Mr. Margolis’ management services as the Company’s Chairman of the Board and Chief Executive Officer are provided pursuant to the Management Agreement.  The current Management Agreement replaced a similar management agreement with Wilstar that was entered into on May 4, 1995. Mr. Margolis is the sole shareholder of Wilstar and Wilstar assigned the Management Agreement to Mr. Margolis in accordance with its terms in January of 2001.

The Management Agreement provides for base and bonus compensation for Mr. Margolis as discussed below.  The Management Agreement was approved by both the Compensation Committee and the disinterested members of the Board of Directors.  Additionally, the provisions of the Management Agreement regarding the annual cash performance bonus and the performance goals related thereto were submitted to and approved by the stockholders of the Company in January 2000.  The material terms of the Management Agreement are summarized below.

Base Salary

The Management Agreement set Mr. Margolis’ annual base salary for the Company’s fiscal year ended January 29, 2000 at $587,450 and provides for annual increases to Mr. Margolis’ base salary if and to the extent that there is an increase in the Consumer Price Index for All Urban Consumers, Los Angeles – Riverside – Orange County, CA, All Items, compiled by the United States Department of Labor, Bureau of Labor Statistics.  As a result of such increases, Mr. Margolis’ base salary under the Management Agreement was $736,996 for Fiscal 2007 and was increased to $760,551 for the fiscal year ending February 2, 2008 (“Fiscal 2008”).

Performance Bonus

The Management Agreement provides for payment of an annual performance bonus for each fiscal year in which the Company’s EBITDA is at least $5.0 million equal to (x) 10% of the Company’s EBITDA for such fiscal year in excess of $2.5 million up to $10.0 million, plus (y) 15% of the Company’s EBITDA for such fiscal year in excess of $10.0 million. For purposes of making such calculations, EBITDA is determined based upon the financial statements which have been prepared in accordance with U.S. generally accepted accounting principles and is reduced by all accrued compensation expenses attributable to any compensation paid or payable to Mr. Margolis under the Management Agreement, including base compensation and cash bonuses payable to Mr. Margolis.

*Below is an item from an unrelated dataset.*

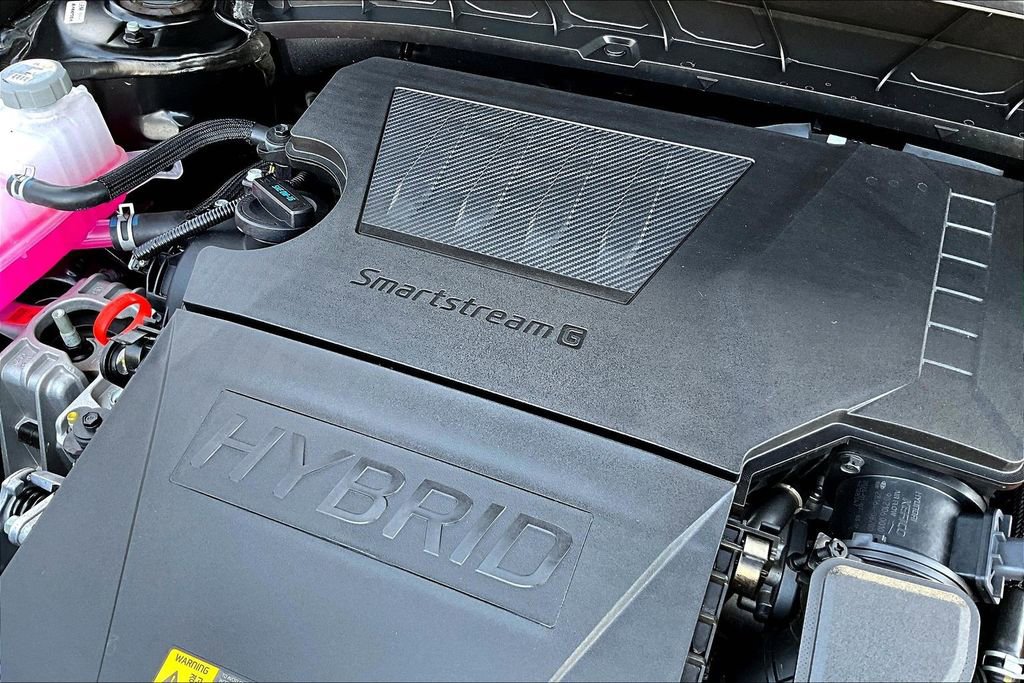 Used 2024 Kia Niro EX Touring image 35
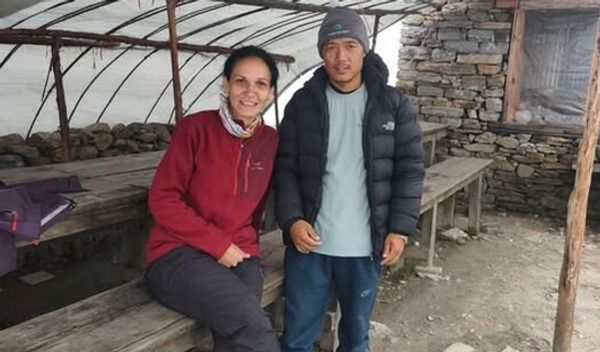 Državljanka Srbije Enisa Leković, koja je nestala nakon katastrofalnih poplava u Nepalu 26. avgusta, pronađena je i na bezbednom je, potvrdila je danas njena ćerka Ines Todorović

Initial Term and Extensions

The initial term of the Management Agreement was until February 2, 2002. However, if the Company’s consolidated pre-tax earnings, as set forth in its audited financial statements for any of its fiscal years during the term of the Management Agreement, commencing with fiscal 2000: (a) are no less than 80% of the consolidated pre-tax earnings contained in the budget submitted to and approved by the Compensation Committee for such fiscal year, and (b) are also no less than the consolidated pre-tax earnings for the immediately preceding fiscal year, then the termination date of the Management Agreement is automatically extended an additional year. There may be any number of such extensions if the foregoing tests are met on multiple occasions. The foregoing test has been met in each of the Company’s fiscal years since fiscal 2000, and therefore the term of the Management Agreement currently extends to February 1, 2010.  However, due to the significant increase in pre-tax earnings in Fiscal 2007 related to the termination of the Finder’s Agreement, it is not likely that the term will extend again after completion of Fiscal 2008 unless the Company completes an extraordinary transaction of similar scope.

16




Composition of the Board of Directors

The Management Agreement provides that if the Company’s board is comprised of five directors, the Company will use its commercially reasonable best efforts to ensure (a) that one director is nominated by Mr. Margolis (the “Wilstar Director”); (b) that one director (the “Investor Director”) is nominated by the members of the group, other than Mr. Margolis, that filed a Schedule 13-D, dated April 24, 1995, with respect to the purchase of the Company’s common stock (collectively, the “Outside Investors”); and (c) that three directors are nominated by the non-Wilstar non-Investor Directors (the “Other Directors”). If there are seven directors, the Company will use its commercially reasonable best efforts to ensure that a second Investor Director is nominated by the Outside Investors and four directors are nominated by the Other Directors. If there are nine directors, the Company will use its commercially reasonable best efforts to ensure that, in addition to the Wilstar Director and the Investor Directors described above, one director is nominated by Mr. Margolis and the Outside Investors together (the “Wilstar/Investor Director”) and five directors are nominated by the Other Directors. If the Board of Directors is expanded, the Company will use its commercially reasonable best efforts to ensure that Mr. Margolis is able to maintain his proportionate representation. The Management Agreement also provides that the Company will use its commercially reasonable best efforts to ensure that the Board of Directors will have an audit and a compensation committee, each of which will be comprised of three members, one of whom shall be an Investor Director and two of whom shall be selected by the entire Board of Directors from all of the remaining directors, other than the Wilstar Director.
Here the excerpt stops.